About tongue piercing. When my fifteen-year-old child snuck out to a tattoo parlor with a forged my name on a permission form, we didn’t notice it at first. One evening she didn’t eat dinner and when asked why, she slurred her words. She finally stuck her tongue out to show why she wasn’t eating. Her tongue was swollen and pierced. I unloaded my motherly opinion on her. It went something like this:

“Nothing shouts ‘I am trailer trash’ like a tongue piercing. You can chip the inside enamel of your teeth. Forgetting the potential of infection, or the chance that you’ll choke on the metal ball when it comes loose, or the fact that you had to break a commandment to get this disgusting thing—what possessed you to do this?”

tongue piercing

Tongue piercing photo courtesy of Wikipedia.

“Ni wannned id.”

“I am sorry. I cannot understand you. Did you say you wanted to look like trailer trash?” Or imitate a fool she met at school?

“Gooogh.”

“All I can say is you better sleep with your eyes open, because I know how to use a needle-nose pliers.”

“Gooo wooden.”

“Oh, I would. You need to stop disobeying us. You think you can do whatever you want and trade it for being grounded for a while. That’s just the start of problems. You break our rules and you break our trust. You lie and then we have to question everything you say.”

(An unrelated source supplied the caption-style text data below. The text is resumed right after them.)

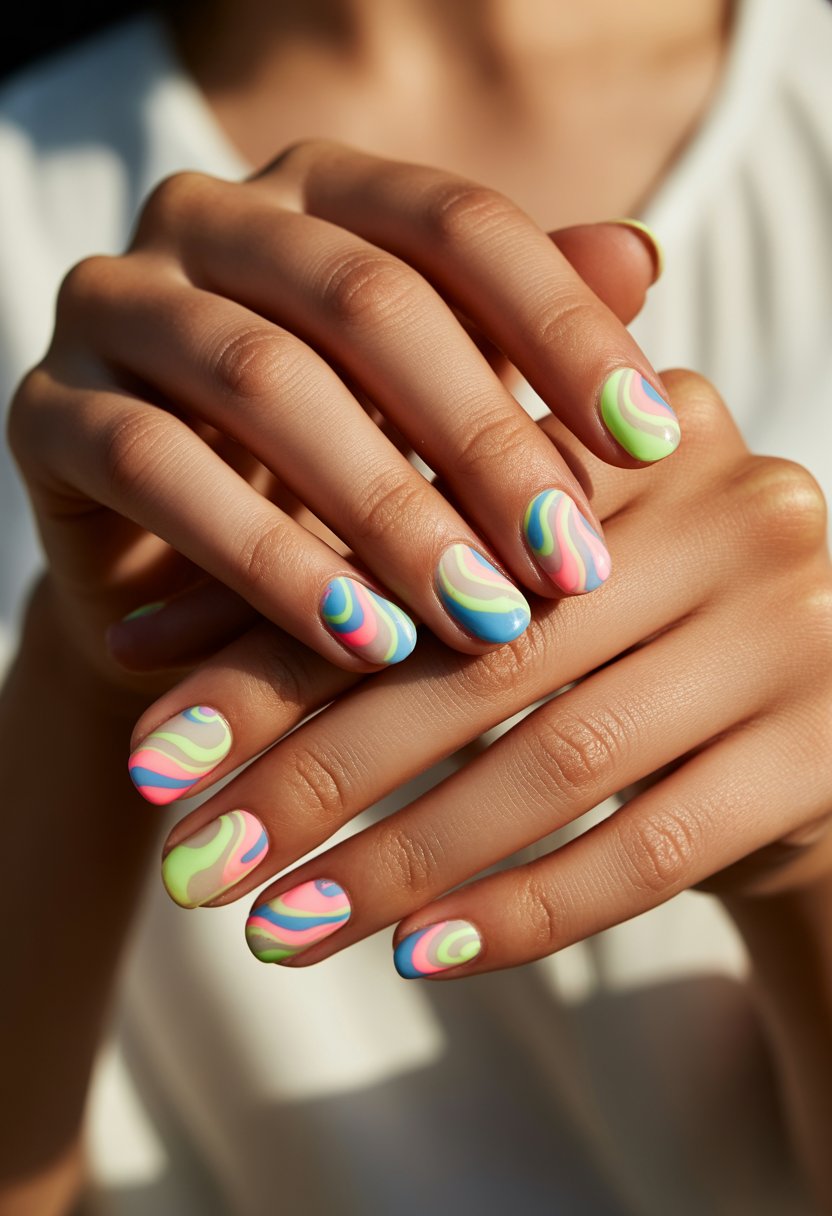 Close-up of hands with brightly colored nails featuring swirling pastel and neon patterns.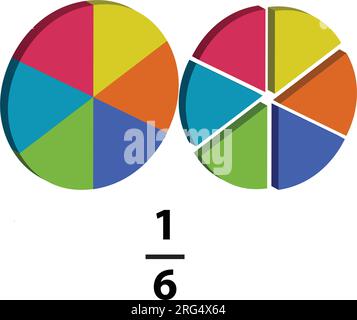 A fraction pie is divided into one-six slices, each showing math fractions, explained in mathematics. on a white background. Stock Vector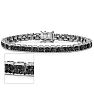 2 Carat Black Diamond Tennis Bracelet I, 7 Inches. Fiery Amazing Diamonds In A Fabulous Solid Silver Bracelet! Image-1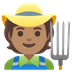 Cómo se ve el emoji Profesional de la agricultura: tono de piel medio en Google.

“I am old enough to make dethithions for mythef.”

“Exactly. That’s why we expect you to make better decisions.”

Hubby arrived home. Jessica slurred through her side of the story. I gave him my opinion of it. He calmly nodded along until he’d heard enough.

“When did you get this done?” he asked in his clinical doctor-to-patient tone. As an orthopedic surgeon he had seen the results of many dangerously stupid behaviors before. He once treated a two hunters who played Russian Roulette to shoot off their own big toes. Both shots missed.

“Do dathz ago.”

“Congratulations. You probably have an infection.”

Jessica’s eyes welled as she squared her jaw, bracing for her father’s decision.

“Here’s your choice, Jessica. For every day that you keep that thing in your mouth we will delay buying you a car for a month. If that piece of metal is so important to you, then keep it as long as you want. I’m disappointed that you did this without speaking to us. You must have known that we would say ‘no’ but you don’t want to hear our reasons why. We are not your enemy. We are the best friends you’ll ever have. We would give you a kidney. We would walk through fire for you. I believe we deserve a little more respect than you’ve been giving us.”

The next morning we found the metal ball and clamp on the breakfast table. We were so naïve to be upset about a piercing. The hole in her tongue and the infection healed. And just for the record, I hold the same opinion of my daughter getting a tongue piercing as I do about tattoos. The problem today is that my daughter is grown and living independently. I am biting my tongue to keep my opinion to myself according to this wisdom “Those who guard their mouths and their tongues keep themselves from calamity. Proverbs 21:23 (NIV)” But, baby girl, if you read this–it’s my opinion that when you do the same thing as everyone else, that is not a sign of individuality. Just sayin’.